Up until now Optimize Images would, by default, apply a fixed 80 value for the JPEG quality or compression level. Now, it’s dynamic by default. It will test with a few settings between 75 and 80 and try to determine the best one for each image, trying to squeeze a few kilobytes more without adding a lot more visual artifacts. Hopefully, it will allow for smaller files sizes and almost the same image quality.
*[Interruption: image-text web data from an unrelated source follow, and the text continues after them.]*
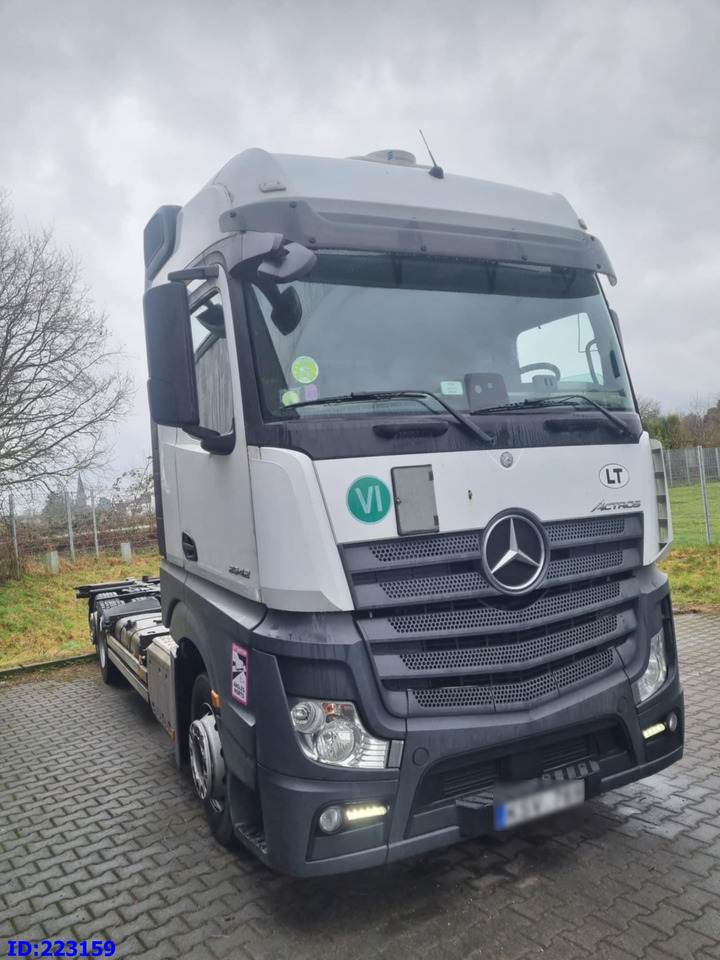 MERCEDES-BENZ Actros 2542 BDF 6x2 Euro6 - Podvozek s kabinou: obrázek 1 MERCEDES-BENZ Actros 2542 BDF 6x2 Euro6 - Podvozek s kabinou: obrázek 1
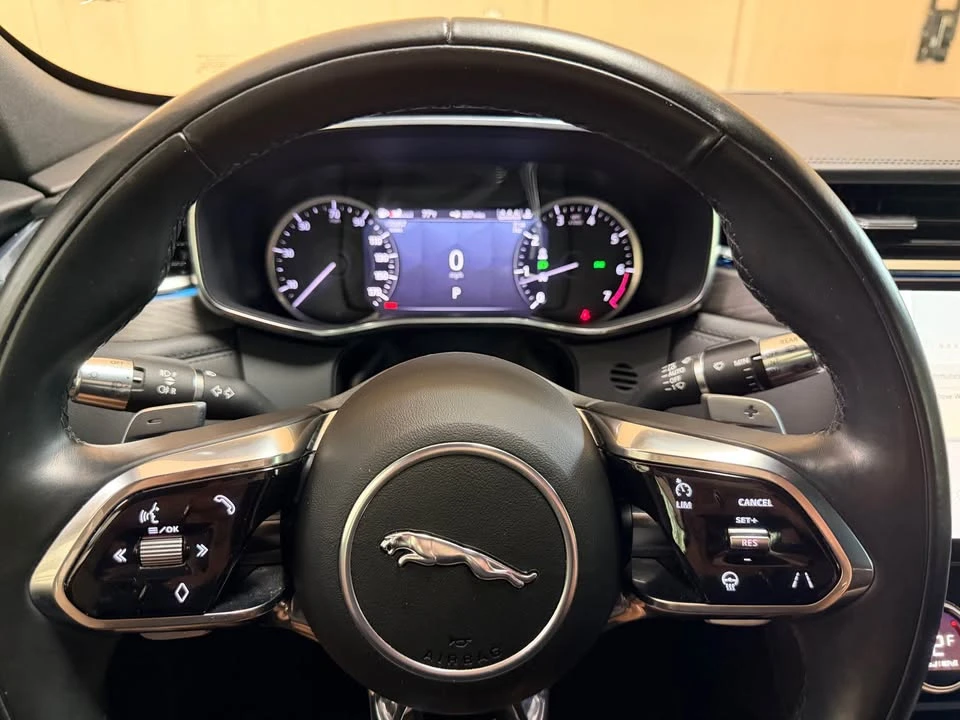 2022 Jaguar F-Pace - Image 6 of 9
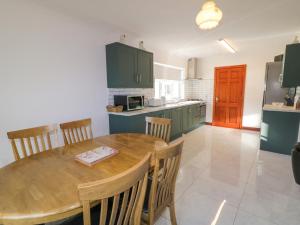 Teach Annie Agus Paddy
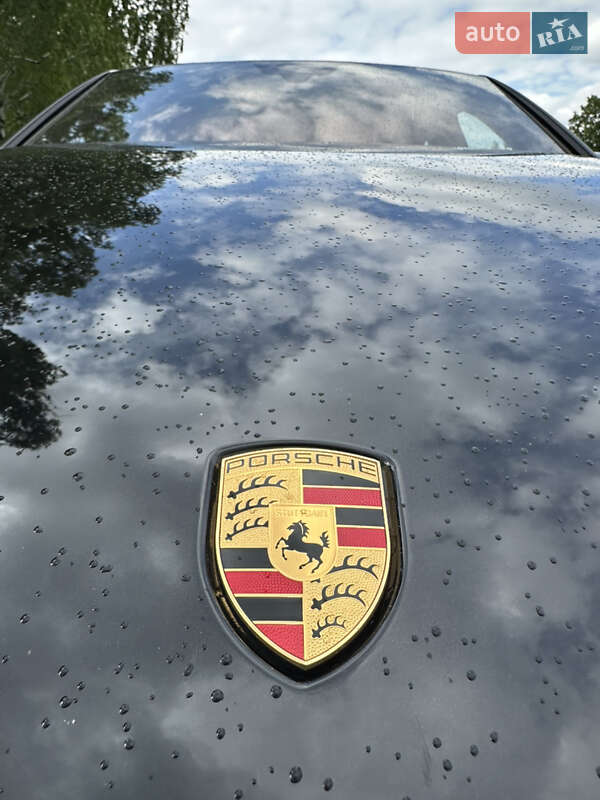 Внедорожник / Кроссовер Porsche Cayenne Coupe 2020 в Киеве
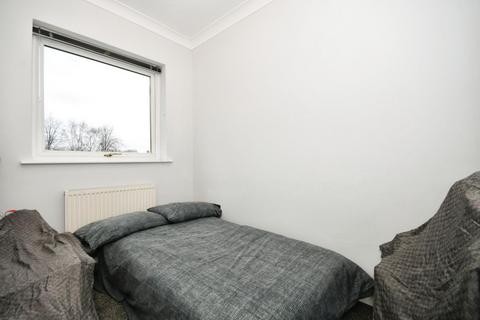 104 Lydgate Lane, Sheffield, S10 5FP
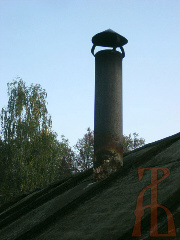 Чугунная труба на крыше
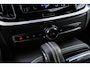 Volvo V60 2.0 T6 Recharge AWD R-Design | Plug-in Hybrid (PHEV) | Trekhaak | Harman Kardon Audio | Achteruitrijcamera | Parkeersensoren | Keyless Entry | Elektrische Achterklep | Elektrisch Verstelbare Voorstoelen | Stoelverwarming | LED Koplampen Adaptief | Navigatie | Apple Carplay | Android Auto
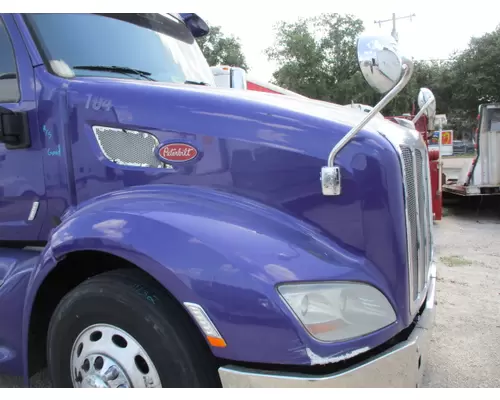 PETERBILT 579 HOOD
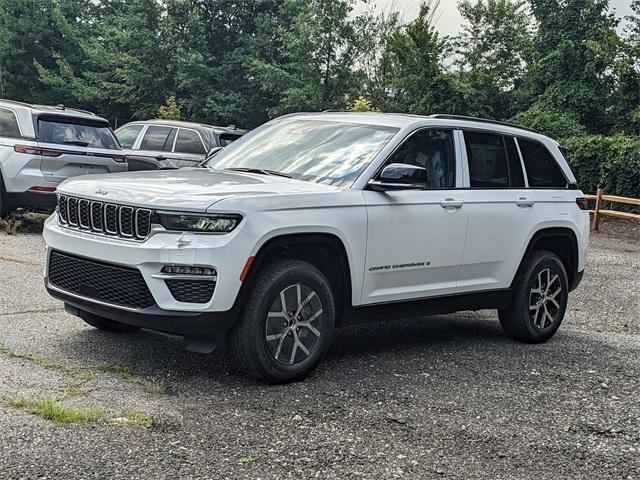 new 2024 Jeep Grand Cherokee car, priced at $44,700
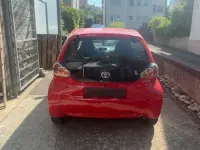 Gebraucht Toyota Aygo 69 PS (50 kW) 2012 Rot Kleinwagen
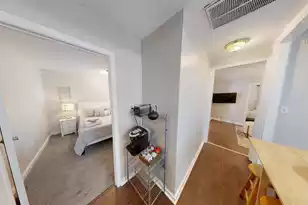 105 Cooper St, Charleston, SC 29403 - Photo 13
In case you still prefer to set a static value for JPEG quality, you still can use the -q argument and specify the value you want (the old default was 80). Also, if you just want it to run as fast as possible, now the -f/--fast-mode argument also disables this dynamic/variable JPEG setting.

How it works

The implemented algorithm for image comparison is based, I believe, on the Sum of Absolute Differences. While there may be more advanced perceptual comparison algorithms, like SSIM, they usually either are more CPU intensive, or require packages that can’t be used on Pythonista. So, to keep compatibility with iOS, I am opting for this method.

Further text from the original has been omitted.